Assignment: Copy out the data exactly as it appears, without a single image.

Dataset excerpt:
++++++

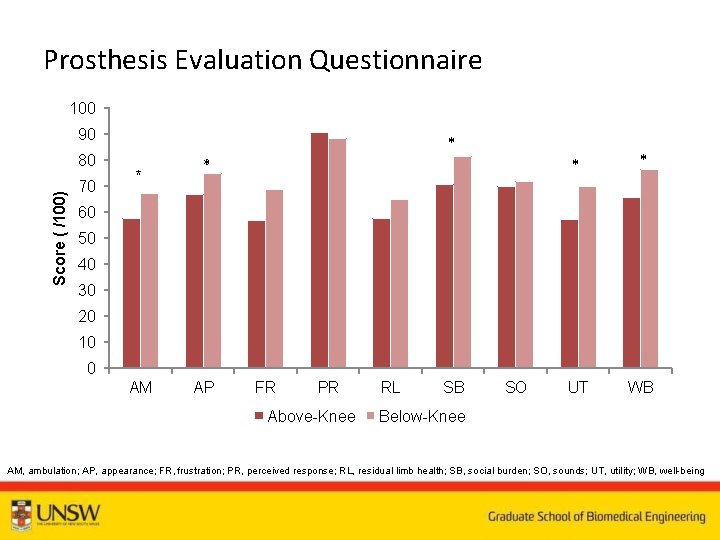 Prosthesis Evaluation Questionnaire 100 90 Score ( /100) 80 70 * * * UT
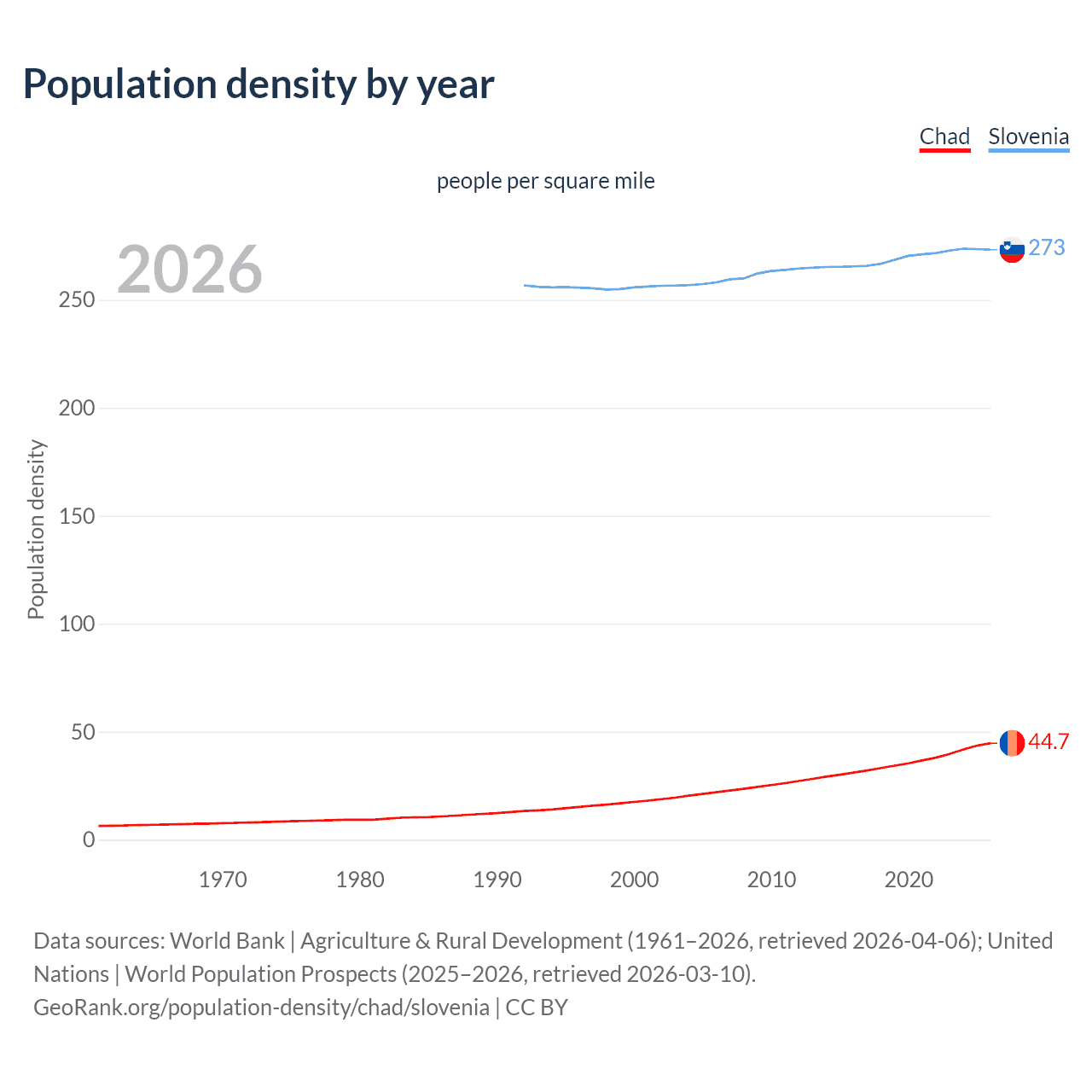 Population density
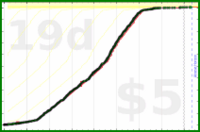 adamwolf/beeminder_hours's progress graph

++++++

Problem solution:
 Prosthesis Evaluation Questionnaire 100 90 Score ( /100) 80 70 * * * UT
 Population density
 adamwolf/beeminder_hours's progress graph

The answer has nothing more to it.